Un journaliste demandait à un évangéliste très connu quelle avait été la
partie la plus ardue de son ministère. "La prière", répondit-il
sans hésiter. Les dangers
Plus les brebis
sont proches les unes des autres, plus nombreuses sont les causes de frictions
et de tensions. D'où les conflits qui prennent vite de l'ampleur quand on vit
dans un groupe. Satan hait l'unité des croyants et fait tout pour la détruire.

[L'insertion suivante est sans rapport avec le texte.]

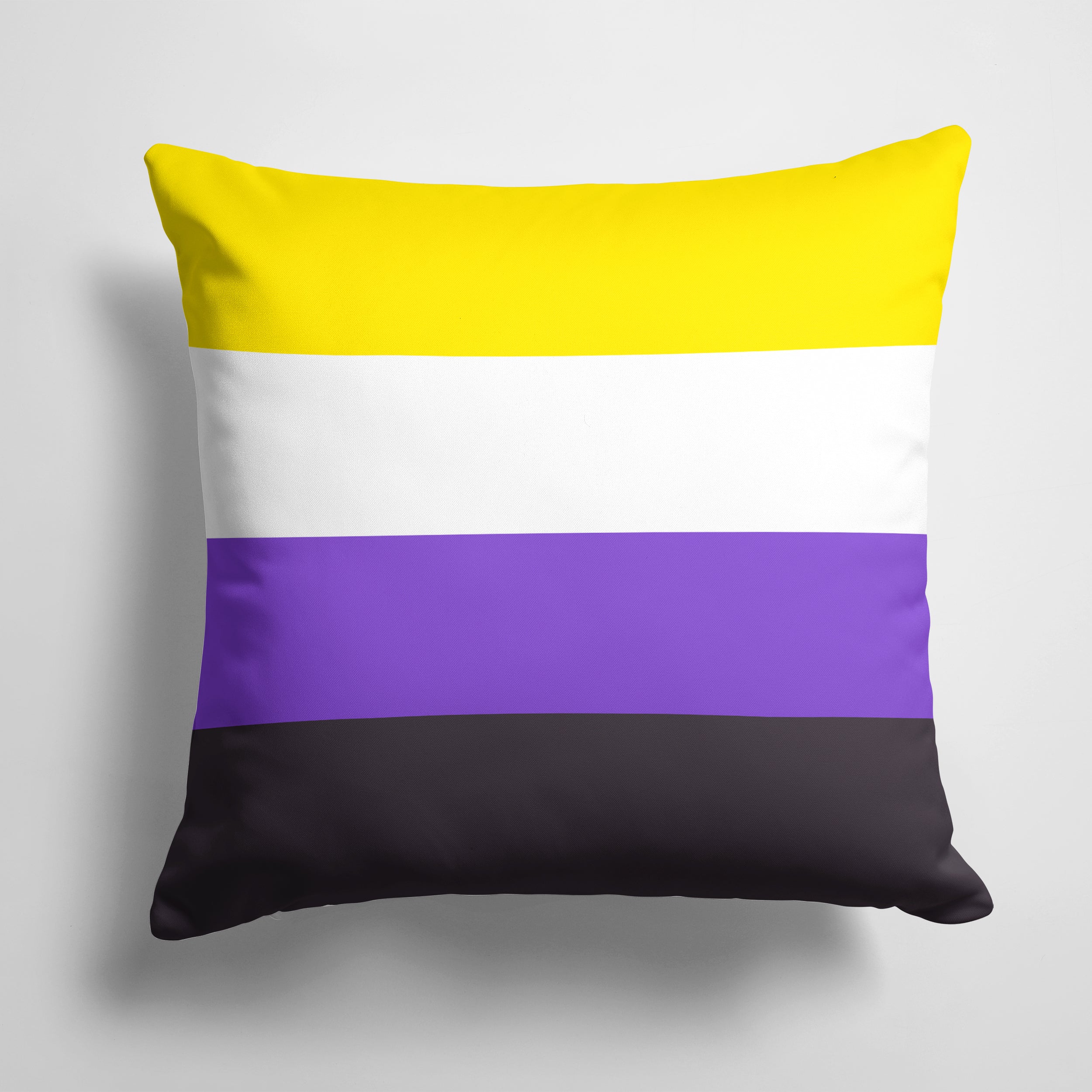 Nonbinary Pride Decorative Throw Pillow 14x14 Indoor Outdoor Accent Cushion, Fabric Cover with Insert for Sofa, Bed, Porch & Living Room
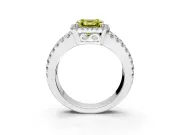 Halo Engagement Ring Setting for Fancy Yellow Asscher Cut Center with Wide-Open Pave Split Shank and Prong Head in White Gold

Comme un loup, il cherche à disperser les brebis pour mieux les dévorer (Jean
10. 12). Mais quand elles sont près du berger, c'est lui qui en assure la
protection. Un autre danger
est de transformer progressivement une assemblée en un groupe imperméable. L'établissement
de coutume, l'élaboration d'un vocabulaire particulier, le tissage d'étroits
liens de famille, etc., créent des barrières presque infranchissables pour
toute personne venant de l'extérieur. Dans une telle ambiance, un étranger se
sent mal à l'aise, même s'il est chaleureusement accueilli. Les portes de nos
assemblées doivent rester ouvertes à chacun (1 Cor. 14. 24, 25) et ce qui y
est enseigné devrait l'être comme si le monde nous écoutait. On peut aussi être
tenté de vivre sa vie à part, en dehors de la vie de l'assemblée, comme
certains "déréglés" chez les Thessaloniciens (1 Thes. 5. 14). Le
terme est emprunté au vocabulaire militaire. Le "déréglé" était
le soldat qui sortait du rang. Il ne s'agit pas d'une personne dont le
comportement est peut-être différent du nôtre, mais de quelqu'un qui refuse
de se tenir dans le rang. Il vit pour lui-même. Les causes de dérèglement
sont multiples : manque de soumission, mésentente avec les frères, désir de
se faire remarquer, refus d'une certaine ingérence des frères de l'assemblée
dans la vie personnelle, etc. Sans l'humilité, l'unité est impossible. La sainte cité
La parole de Dieu
émerveille toujours dans sa manière de relier les choses entre elles. Caïn,
le premier meurtrier, a aussi construit la première ville. La dernière vision
de l'apôtre Jean est celle de la sainte cité, Jérusalem, descendant du ciel
d'auprès de Dieu (Apoc. 21. 9-27). Cette ville n'est pas l'habitation de
l'assemblée, mais l'assemblée elle-même, l'épouse de l'Agneau. A l'aube de
l'humanité, Dieu avait déclaré: "Il n'est pas bon que l'homme soit seul.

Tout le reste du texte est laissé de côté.